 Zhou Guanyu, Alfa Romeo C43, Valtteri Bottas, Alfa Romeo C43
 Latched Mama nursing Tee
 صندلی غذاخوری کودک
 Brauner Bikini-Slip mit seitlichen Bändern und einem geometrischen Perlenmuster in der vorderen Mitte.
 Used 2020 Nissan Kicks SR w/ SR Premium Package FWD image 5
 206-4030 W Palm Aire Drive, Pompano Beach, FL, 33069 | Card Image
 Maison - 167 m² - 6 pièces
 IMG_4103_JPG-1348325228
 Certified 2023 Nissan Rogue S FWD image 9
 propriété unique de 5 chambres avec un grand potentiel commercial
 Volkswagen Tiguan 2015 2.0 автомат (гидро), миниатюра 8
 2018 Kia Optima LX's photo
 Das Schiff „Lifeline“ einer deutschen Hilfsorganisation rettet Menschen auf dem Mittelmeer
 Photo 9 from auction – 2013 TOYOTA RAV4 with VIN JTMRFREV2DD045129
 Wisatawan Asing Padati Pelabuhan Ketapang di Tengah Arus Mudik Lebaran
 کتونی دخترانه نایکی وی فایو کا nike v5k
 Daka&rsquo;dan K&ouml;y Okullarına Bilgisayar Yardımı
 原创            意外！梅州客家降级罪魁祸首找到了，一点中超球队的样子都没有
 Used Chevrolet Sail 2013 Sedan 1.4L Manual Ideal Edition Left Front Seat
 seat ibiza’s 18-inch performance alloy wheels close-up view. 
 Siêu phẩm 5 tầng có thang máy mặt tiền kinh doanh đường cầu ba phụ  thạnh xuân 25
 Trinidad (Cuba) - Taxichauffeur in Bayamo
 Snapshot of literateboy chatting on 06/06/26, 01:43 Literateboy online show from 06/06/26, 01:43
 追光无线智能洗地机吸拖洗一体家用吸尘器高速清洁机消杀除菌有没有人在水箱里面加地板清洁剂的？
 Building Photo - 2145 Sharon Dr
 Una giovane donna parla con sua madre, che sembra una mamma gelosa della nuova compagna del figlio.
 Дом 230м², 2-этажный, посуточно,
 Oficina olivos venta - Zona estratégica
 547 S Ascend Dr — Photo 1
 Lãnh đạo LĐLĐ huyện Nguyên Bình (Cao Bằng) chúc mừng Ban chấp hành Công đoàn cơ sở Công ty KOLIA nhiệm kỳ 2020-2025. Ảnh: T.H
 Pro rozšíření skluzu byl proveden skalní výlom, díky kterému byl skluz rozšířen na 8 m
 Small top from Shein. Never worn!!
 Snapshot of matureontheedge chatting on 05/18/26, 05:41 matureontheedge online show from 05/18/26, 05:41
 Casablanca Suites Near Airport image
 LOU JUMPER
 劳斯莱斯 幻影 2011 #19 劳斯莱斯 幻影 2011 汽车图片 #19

◇ ◇ ◇ ◇

### What this task involves
Go through the entries above and reproduce each one exactly.

### Response
 Zhou Guanyu, Alfa Romeo C43, Valtteri Bottas, Alfa Romeo C43
 Latched Mama nursing Tee
 صندلی غذاخوری کودک
 Brauner Bikini-Slip mit seitlichen Bändern und einem geometrischen Perlenmuster in der vorderen Mitte.
 Used 2020 Nissan Kicks SR w/ SR Premium Package FWD image 5
 206-4030 W Palm Aire Drive, Pompano Beach, FL, 33069 | Card Image
 Maison - 167 m² - 6 pièces
 IMG_4103_JPG-1348325228
 Certified 2023 Nissan Rogue S FWD image 9
 propriété unique de 5 chambres avec un grand potentiel commercial
 Volkswagen Tiguan 2015 2.0 автомат (гидро), миниатюра 8
 2018 Kia Optima LX's photo
 Das Schiff „Lifeline“ einer deutschen Hilfsorganisation rettet Menschen auf dem Mittelmeer
 Photo 9 from auction – 2013 TOYOTA RAV4 with VIN JTMRFREV2DD045129
 Wisatawan Asing Padati Pelabuhan Ketapang di Tengah Arus Mudik Lebaran
 کتونی دخترانه نایکی وی فایو کا nike v5k
 Daka&rsquo;dan K&ouml;y Okullarına Bilgisayar Yardımı
 原创            意外！梅州客家降级罪魁祸首找到了，一点中超球队的样子都没有
 Used Chevrolet Sail 2013 Sedan 1.4L Manual Ideal Edition Left Front Seat
 seat ibiza’s 18-inch performance alloy wheels close-up view. 
 Siêu phẩm 5 tầng có thang máy mặt tiền kinh doanh đường cầu ba phụ  thạnh xuân 25
 Trinidad (Cuba) - Taxichauffeur in Bayamo
 Snapshot of literateboy chatting on 06/06/26, 01:43 Literateboy online show from 06/06/26, 01:43
 追光无线智能洗地机吸拖洗一体家用吸尘器高速清洁机消杀除菌有没有人在水箱里面加地板清洁剂的？
 Building Photo - 2145 Sharon Dr
 Una giovane donna parla con sua madre, che sembra una mamma gelosa della nuova compagna del figlio.
 Дом 230м², 2-этажный, посуточно,
 Oficina olivos venta - Zona estratégica
 547 S Ascend Dr — Photo 1
 Lãnh đạo LĐLĐ huyện Nguyên Bình (Cao Bằng) chúc mừng Ban chấp hành Công đoàn cơ sở Công ty KOLIA nhiệm kỳ 2020-2025. Ảnh: T.H
 Pro rozšíření skluzu byl proveden skalní výlom, díky kterému byl skluz rozšířen na 8 m
 Small top from Shein. Never worn!!
 Snapshot of matureontheedge chatting on 05/18/26, 05:41 matureontheedge online show from 05/18/26, 05:41
 Casablanca Suites Near Airport image
 LOU JUMPER
 劳斯莱斯 幻影 2011 #19 劳斯莱斯 幻影 2011 汽车图片 #19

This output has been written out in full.